On Tue, Jul 12, 2011 at 7:59 PM, Braindead <Braindead@xxxxxxxxxxxx> wrote:
> My main purpose would be to support my software development and consulting 
> work.  So I need to be able to run various OS's.  I don't develop games so no 
> need for any fancy graphics.  I'm used to the limitations of virtual machines 
> (use VMWare a lot for dev purposes) and I'm fairly sure Xen can do everything 
> I need.

You haven't said why you want to move away from vmware. If we know
what your priorities are, we might be able to give better advice. For
example, if you're used to vmware-style GUI, but want an open-source
license, XCP might be a better choice. But it you want something you
can tinker, or use bleeding-edge technology, then starting with a
distro that includes Xen would be a better choice.
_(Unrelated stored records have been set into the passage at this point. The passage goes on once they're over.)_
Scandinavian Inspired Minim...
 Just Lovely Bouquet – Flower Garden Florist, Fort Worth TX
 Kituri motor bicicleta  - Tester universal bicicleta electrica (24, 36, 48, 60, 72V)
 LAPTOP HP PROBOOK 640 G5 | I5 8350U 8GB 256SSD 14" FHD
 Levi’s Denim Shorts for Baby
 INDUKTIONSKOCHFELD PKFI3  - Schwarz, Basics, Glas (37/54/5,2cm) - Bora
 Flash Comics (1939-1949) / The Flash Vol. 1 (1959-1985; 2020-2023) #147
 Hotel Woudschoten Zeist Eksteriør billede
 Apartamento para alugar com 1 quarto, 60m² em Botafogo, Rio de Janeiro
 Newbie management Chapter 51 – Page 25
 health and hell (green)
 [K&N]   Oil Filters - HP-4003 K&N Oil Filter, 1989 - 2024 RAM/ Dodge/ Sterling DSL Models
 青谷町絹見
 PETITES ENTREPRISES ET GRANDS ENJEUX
> I expect to have 2-3 virtual machines running most of the time, possibly 2 
> working hard (for example restoring a gig+ database backup on one while 
> programming/doing other tasks on another).  I'll be purchasing 2 identical 
> machines one as a backup, so I don't need any extra 'robustness' that a 
> server motherboard/system would provide.  Which leads into the following 
> question.
> Would it make sense to spend extra bucks on a multi processor motherboard 
> rather than going with a single Core i7 or the like?  I think there are i/o 
> bandwidth benefits with multi processor boards,

Is there?

IIRC the main selling point of server-grade motherborad used to be the
ability to use ECC RAM. But now some motherboards for i7 support ECC

> however due to a lot of database grinding I tend to do I suspect that disk 
> i/o is a limiting factor in my case which I'll try to deal with somewhat by 
> RAID0 over 4-5 fast drives.  I don't need any redundancy as all variable data 
> (code and the like) is on remote servers and already fully backed up.

... which brings another point. If you know you're I/O-starved anyway,
why not use SSD? Pure SSD implementation can easily give 10-100x IOPS
of HDD. And since you say you'll have an identical machine as backup,
if you're worried about SSD lifetime, you can have HDD on the backup

Another option would be using SSD as cache, with something like
facebook's flashcache. This setup would reduce the possibility of data
loss (since SSD will only be cache), and have the additional benefit
of higher capacity (compared to pure SSD setup), but is also more
complex and (depending on how you look at it) "experimental".

> Do folks generally install X11 on Dom0 so they can get a gui VNC/remote 
> desktop into Windows DomU machines?  Or is there some other mechanism 
> available?

Generally speaking you don't need full-blown X desktop on dom0. It can
be headless with "minimum" software installed. VNC console of domU is
provided by QEMU, not by X desktop on dom0.